_Activity_: The lines wanted are those from the one containing "Elegant brick entrance" to the last line of the entries below; output them exactly, leaving out pictures.

+ + + + + + +

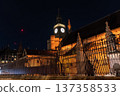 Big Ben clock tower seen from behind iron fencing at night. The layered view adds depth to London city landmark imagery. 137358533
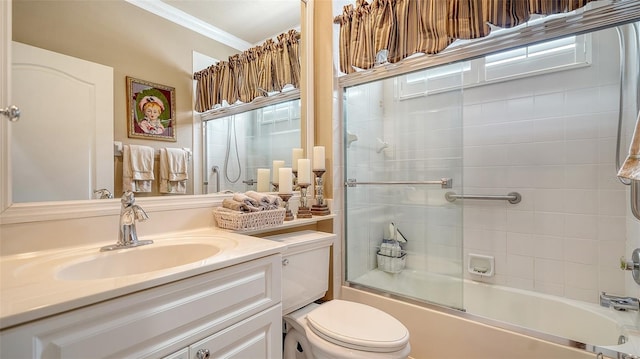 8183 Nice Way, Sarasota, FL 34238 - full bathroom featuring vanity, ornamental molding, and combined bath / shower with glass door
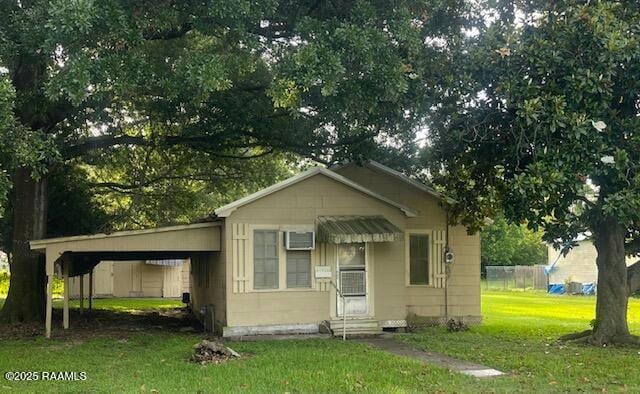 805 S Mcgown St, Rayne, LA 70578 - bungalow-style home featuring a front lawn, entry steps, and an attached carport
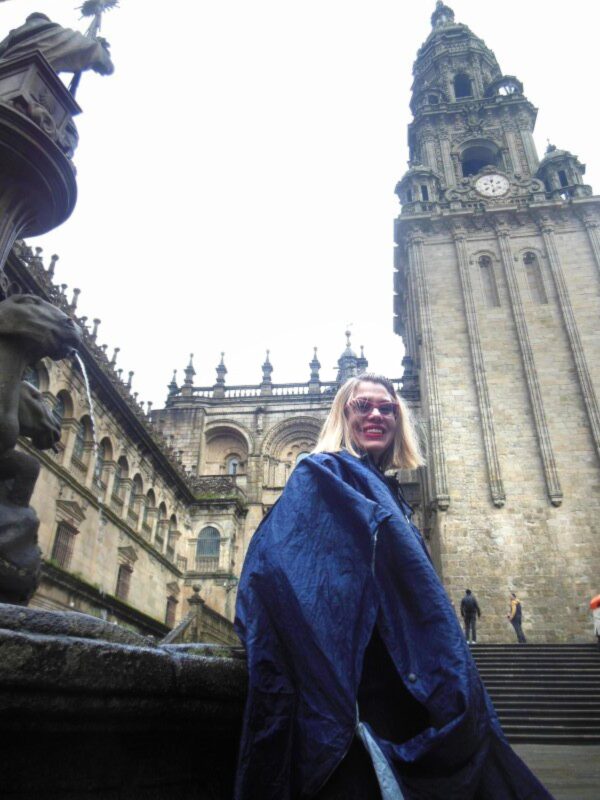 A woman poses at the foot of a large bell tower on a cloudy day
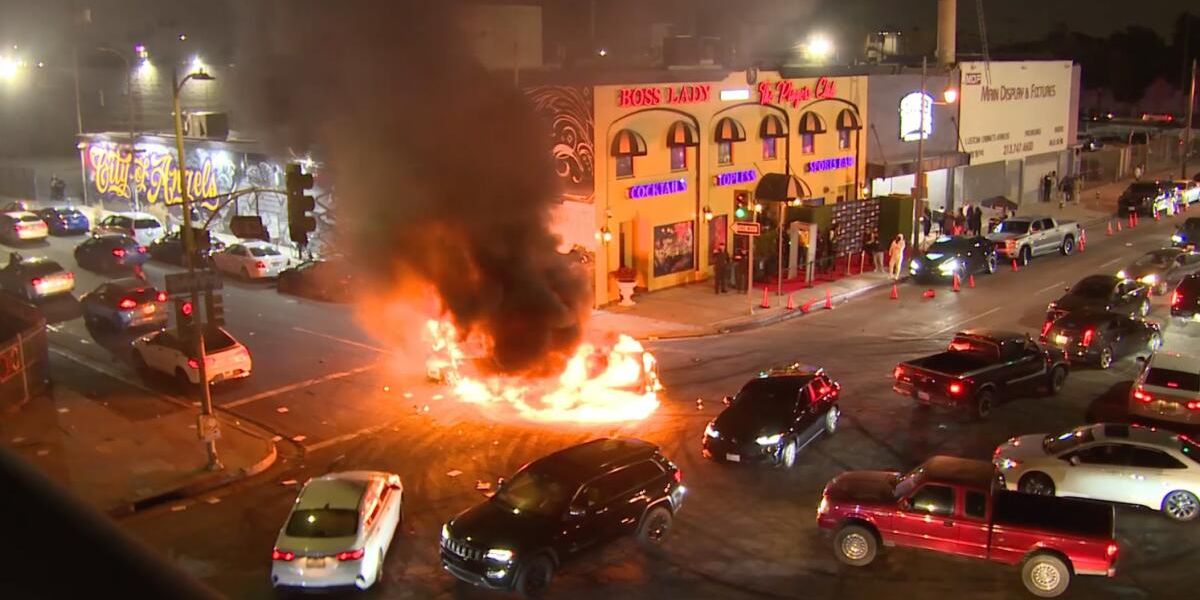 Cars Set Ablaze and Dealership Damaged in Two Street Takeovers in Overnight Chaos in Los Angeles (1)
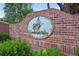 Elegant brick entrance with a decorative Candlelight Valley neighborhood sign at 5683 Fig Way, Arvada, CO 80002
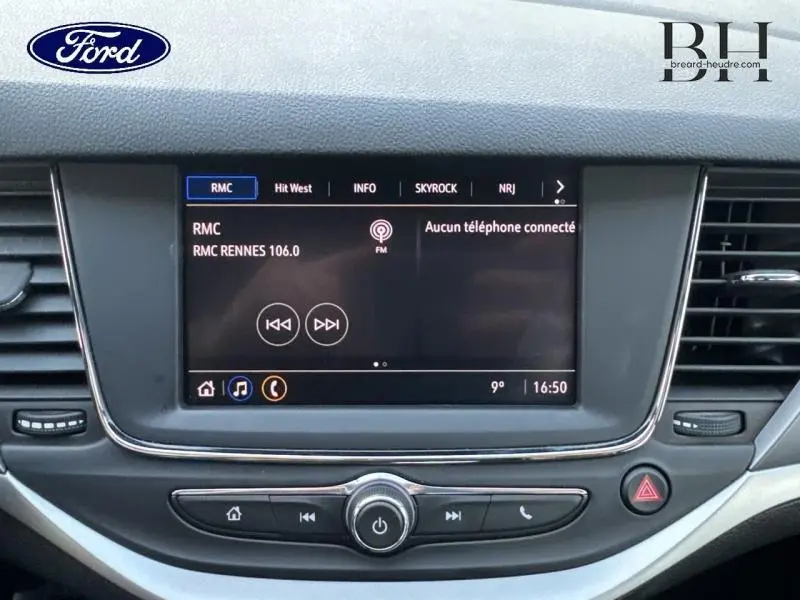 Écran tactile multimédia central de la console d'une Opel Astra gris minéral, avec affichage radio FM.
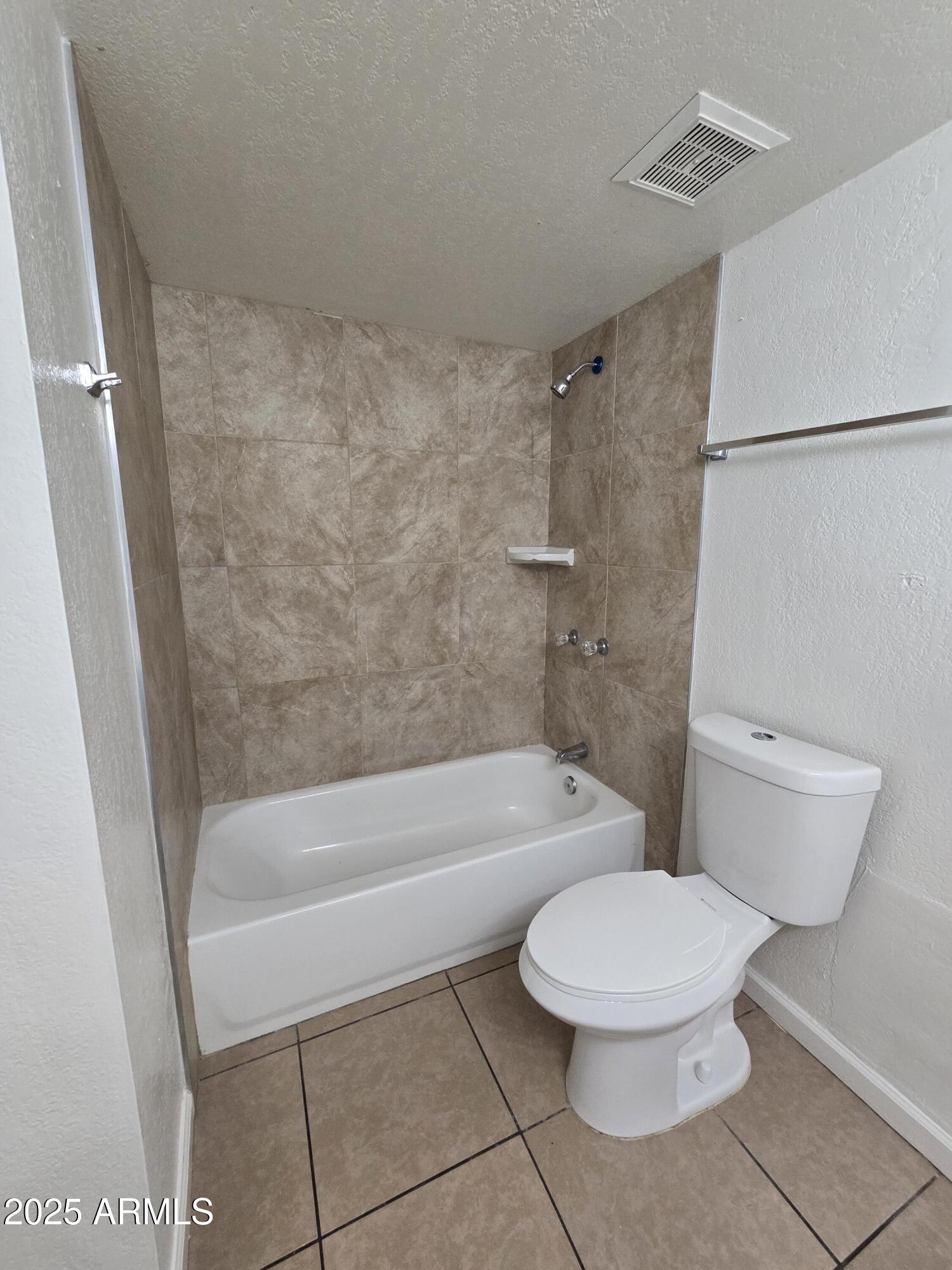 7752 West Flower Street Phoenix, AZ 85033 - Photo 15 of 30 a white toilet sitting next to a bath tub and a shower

+ + + + + + +

_Exercise output_:
 Elegant brick entrance with a decorative Candlelight Valley neighborhood sign at 5683 Fig Way, Arvada, CO 80002
 Écran tactile multimédia central de la console d'une Opel Astra gris minéral, avec affichage radio FM.
 7752 West Flower Street Phoenix, AZ 85033 - Photo 15 of 30 a white toilet sitting next to a bath tub and a shower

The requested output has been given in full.